Nested datasets and oversampling

Does datasets support nested datasets? I have a nested dataset path dict, e.g.,

{
	a: {
		train:
		dev:
		test:
	},
	b: {
		train:
		dev:
		test:
	}
}

and load_dataset seems unhappy with this structure (TypeError: expected str, bytes or os.PathLike object, not dict). Does that imply I have to do load_dataset for each sub-dataset and then merge them together?

Further, is there any support for over/undersampling given multiple (sub-)datasets? Thanks a lot!

Hi !
Indeed load_dataset is used to load only one dataset. This dataset can have several splits though.
In your case you have to call load_dataset once per dataset.

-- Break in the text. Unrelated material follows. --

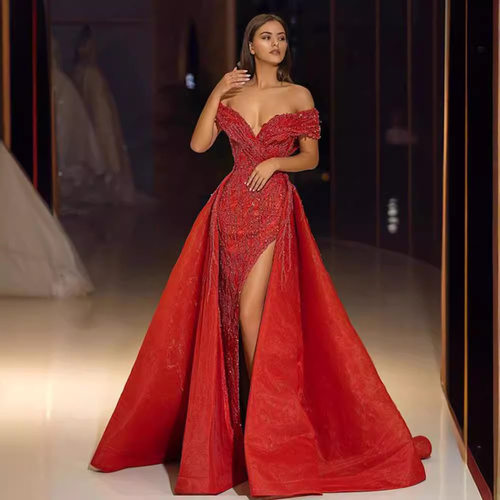 grand display sexy long skirt trailing banquet evening gown - 图1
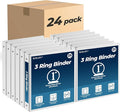 1 Inch 3 Ring Binders 24 Pack, Clear View Binder Bulk, White PVC-Free 3-Ring Binders for School, Office or Home, Fits 8.5 x 11 Inches Paper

Regarding over/undersampling, we are adding an interleave_datasets functions that creates a new dataset from several datasets. By default it alternates between each original dataset, but you can specify sampling probabilities to over/undersample from the original datasets :slight_smile:
It will be available in the next release of the library.

What you can do in the meantime is use a mix of shuffle and conatenate_datasets.
If you have dataset1 and dataset2 and want to get dataset3 with 10 examples from datasets1 and 90 examples from dataset2 you can do:

from datasets import concatenate_datasets

seed = 42
dataset3 = concatenate_datasets([
    dataset1.shuffle(seed=seed).select(range(10)),
    dataset2.shuffle(seed=seed).select(range(90)),
])
1 Like

Thanks for the reply! Regarding shuffling, my understanding is that by default when using trainer the dataset will be shuffled and then batched. So if I don’t need sampling, I could just concat all datasets and pass it to the trainer. Is that right?

I don’t think the trainer shuffles the data, so you should probably shuffle the dataset after concatenation

EDIT: actually it does, see thom’s comment

But it doesn’t seem to have any explicit mention of shuffling in the official examples, for which if there is no default shuffling in trainer then there should be issues (e.g., there is no “shuffl*” in this example)?

Yes the HF trainer shuffle the examples (see here for instance: transformers/trainer.py at 4605b2b8ec5512a5ea125773bcaa4b0014b32d50 · huggingface/transformers · GitHub)

1 Like